5. Um item clássico da beleza feminina é a franja. O cabelo como um todo não interessa realmente; o relevante é a franja, e, mais especificamente: a franja soprada, nunca me cansarei de repeti-lo; se for preciso transformo-me até no único cabeleireiro não panasca do sec.XXI para cá dos Urais; (porque acho que as mulheres dos cossacos não deixam que qualquer um lhes toque no cabelo) neste momento até está uma gajita na esplanada a olhar para mim, e , só podia, tem uma franja que mais parece um repolho a escorrer antes de entrar para um cozido. Franja que, depois de soprada, não dispute a glória com um quadro do Hartung não tem qualquer hipótese.
6. Entramos agora em zonas mais sensíveis e que nem sempre nos são dadas a observar [estive para escrever contemplar, mas soou-me a balofo] A primeira é a curvatura das costas. A invenção da tábua de engomar foi das maiores perversões para as mulheres, mas não por causa do acto de passar a ferro, como seriam levadas a supor, antes sim pelas comparações geométrico-estéticas que se lhe possam fazer com a zona lombar. Mulher que não apresente um curvo perfil traseiro, digno dum fórmula matemática com dois integrais de mínimo, merece ficar a fazer contas de cabeça até inverter o malvado estereótipo.
7. A forma como os membros engrossam (leia-se pernas e braços) é determinante para a fixação do conceito de beleza feminina. O trajecto desde o cotovelo até ao ombro, e o do joelho até à anca, são circuitos decisivos para a mulher. Coxa e braço que não se mostrem ligeiramente musculados, irregulares, tensos, ansiando uma descarga de arqueiro, e se portem que nem tubos de ensaio, fazem com que a mulher possa ser bonita mas é no reino das cornucópias e dos damascos. A mulher bonita tem de possuir braço de operária, de camponesa. Roliços, arredondadinhos, querem-se os rolos de carne.

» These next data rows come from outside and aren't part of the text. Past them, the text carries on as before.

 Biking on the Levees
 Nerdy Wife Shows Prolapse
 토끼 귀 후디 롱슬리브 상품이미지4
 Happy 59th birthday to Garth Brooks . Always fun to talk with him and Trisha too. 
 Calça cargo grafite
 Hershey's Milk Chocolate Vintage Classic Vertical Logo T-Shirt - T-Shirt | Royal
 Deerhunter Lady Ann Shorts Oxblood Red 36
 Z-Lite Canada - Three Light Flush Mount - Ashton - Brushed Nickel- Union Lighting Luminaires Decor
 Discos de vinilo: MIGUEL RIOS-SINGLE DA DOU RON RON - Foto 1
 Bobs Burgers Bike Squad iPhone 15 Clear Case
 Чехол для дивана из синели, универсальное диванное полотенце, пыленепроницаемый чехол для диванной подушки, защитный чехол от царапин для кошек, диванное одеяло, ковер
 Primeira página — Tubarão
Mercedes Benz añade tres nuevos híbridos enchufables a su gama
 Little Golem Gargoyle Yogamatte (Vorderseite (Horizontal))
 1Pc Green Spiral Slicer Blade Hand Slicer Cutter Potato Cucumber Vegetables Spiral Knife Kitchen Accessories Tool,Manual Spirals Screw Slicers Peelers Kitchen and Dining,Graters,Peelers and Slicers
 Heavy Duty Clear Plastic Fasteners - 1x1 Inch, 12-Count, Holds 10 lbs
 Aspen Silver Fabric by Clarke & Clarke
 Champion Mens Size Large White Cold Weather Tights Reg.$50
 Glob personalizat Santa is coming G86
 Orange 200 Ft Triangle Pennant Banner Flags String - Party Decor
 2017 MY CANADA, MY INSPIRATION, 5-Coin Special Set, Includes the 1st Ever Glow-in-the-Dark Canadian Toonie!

8. Finalmente tenho de terminar falando dos lábios (a voz e o pescoço levar-me-iam para terrenos pantanosos e instigadores de represálias). É talvez a zona constituinte da beleza feminina que tem dado azo a mais equívocos, certamente movidos pela carnalidade do desejo masculino. Basicamente a mulher tem de ter lábio, lábios, boca, tecnicamente falando. Não pode ter ali apenas um fiozinho que mais pareça uma linguiça sem graça, mas também não pode ter ali quase uma vulva fora do lugar. Cada coisa no seu sítio. O lábio duma mulher tem de ser algo sobre o qual o homem possa dizer: eu quando for transportado até ao céu quero ir deitado ali em cima e, quando lá chegar, algum anjinho que me diga: salta daí de cima rápido ó meu cabrãozito.
Mas não posso no entanto terminar sem deixar uma palavra de ânimo para aquelas (pouquíssimas, estou certo) que leiam isto e não se revejam no estereótipo aqui delineado. Não, não direi que a beleza não essencial, ela é de facto essencial, deixaria antes uma sugestão prática: arregalem os olhinhos, casem-se, pensem depois que o vosso marido é um Deus grego, apregoem-no mesmo, imaginem que as ninfas vos protegem, constatem que até a Calipso ficou a arder, e que haverá sempre algures um Dionísio que vos cante, mesmo que não haja Cupido que vos obedeça, Aquiles que vos embale, ou Hermes que vos aguente, ou excalibur afiada que vos ajude a desapertar o corpetezinho.